— ABOUT THIS TASK —
Please repeat exactly the lines from the one containing "G'day everyone, Connor" to the end of the entries below, both included, and omit all pictures.

* * * * *

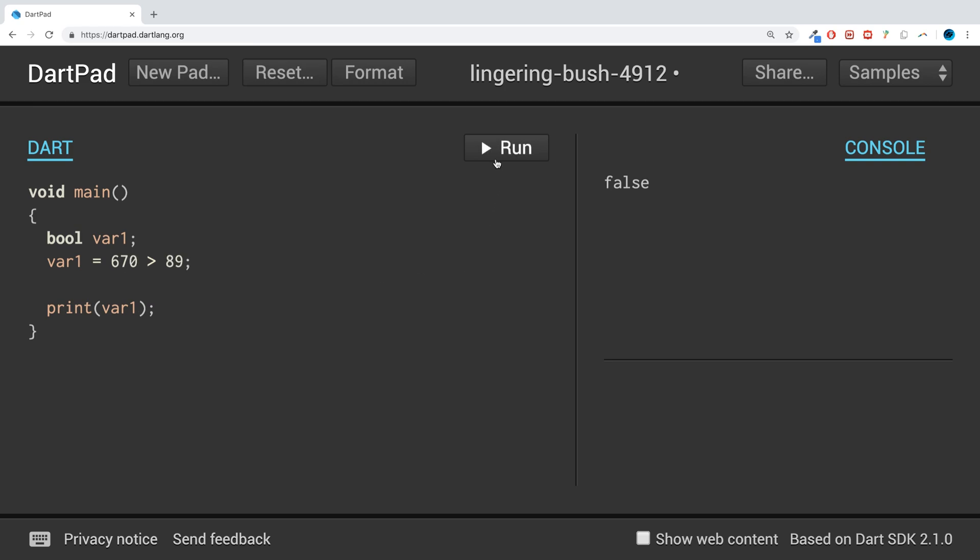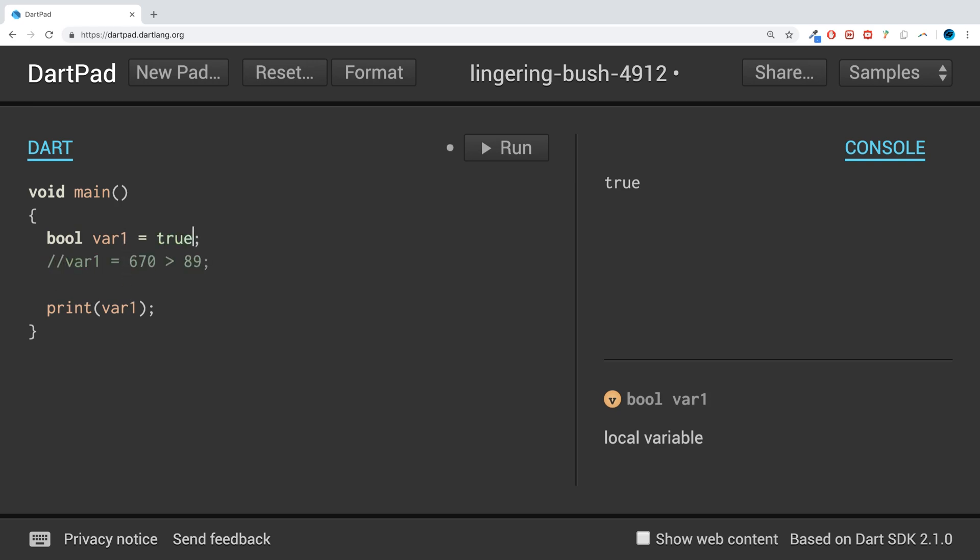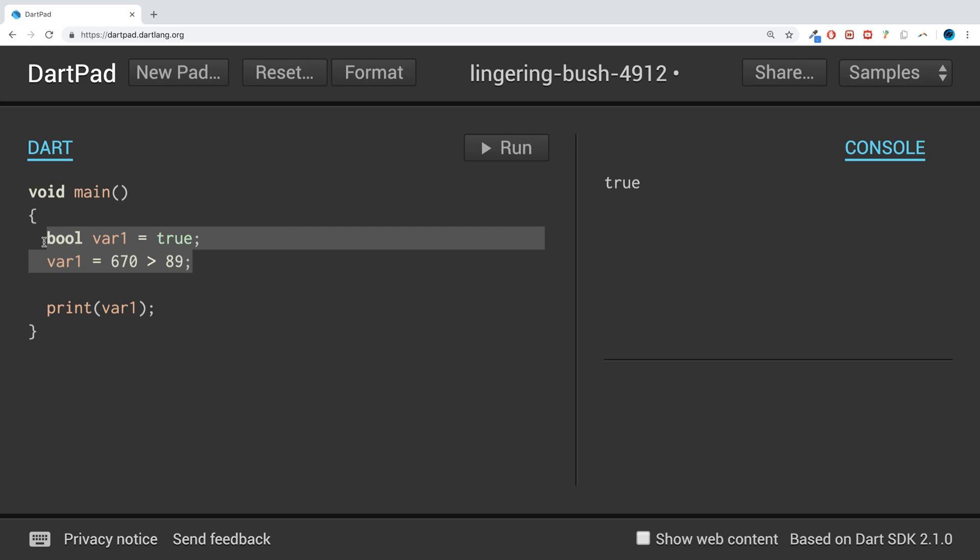You can obviously assign a true or false value directly like so if you want to. And this right here, you can use this sort of code in conjunction with if statements, which is covered in a separate part of this series.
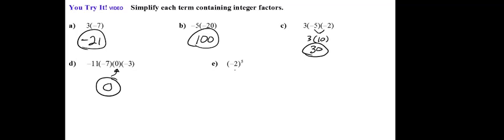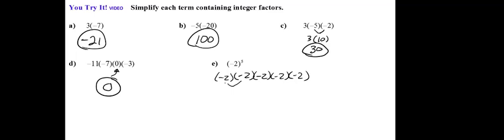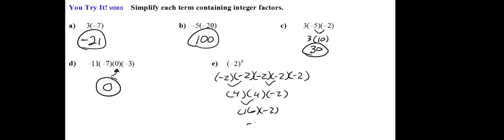This is negative 2 to the 5th, and this power of 5 is basically repeated factors of negative 2. So I have five repeated factors of negative 2. I could just group them in groups of 2. Negative 2 times negative 2 is 4. Negative 2 times negative 2 is 4, and then times the negative 2. 4 times 4 is 16, times negative 2, negative 32.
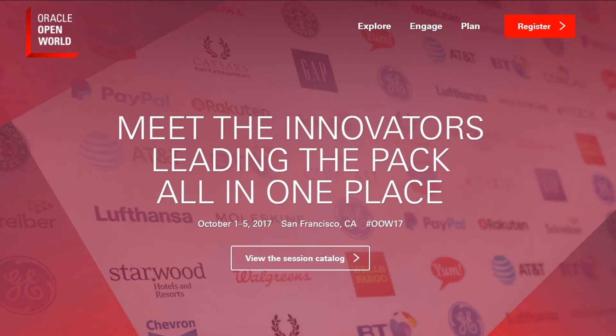G'day everyone, Connor McDonald here from Ask Tom. Just about to head off to Open World. Just been packing my suitcase and getting ready to head off to the airport. Just thought we'd have enough time to squeeze in one last Ask Tom TV episode.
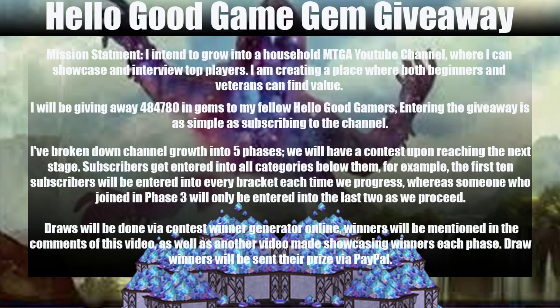Draws will be done via contest winner generator online. Winners will be mentioned in the comments of this video, as well as another video made showcasing the winners in each phase, which is exactly what this is. Draw winners will be sent their prize via PayPal. If you don't have PayPal, let me know what way works for you, and we will try to make it work as best we can.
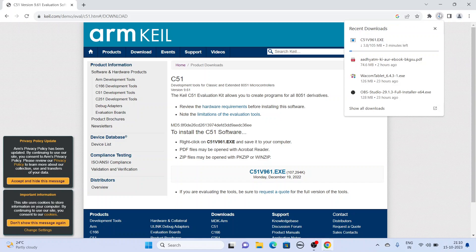It depends on your internet speed. This is a 105MB file.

* * * * *

— RESULT OF THE EXERCISE —
G'day everyone, Connor McDonald here from Ask Tom. Just about to head off to Open World. Just been packing my suitcase and getting ready to head off to the airport. Just thought we'd have enough time to squeeze in one last Ask Tom TV episode.
Draws will be done via contest winner generator online. Winners will be mentioned in the comments of this video, as well as another video made showcasing the winners in each phase, which is exactly what this is. Draw winners will be sent their prize via PayPal. If you don't have PayPal, let me know what way works for you, and we will try to make it work as best we can.
It depends on your internet speed. This is a 105MB file.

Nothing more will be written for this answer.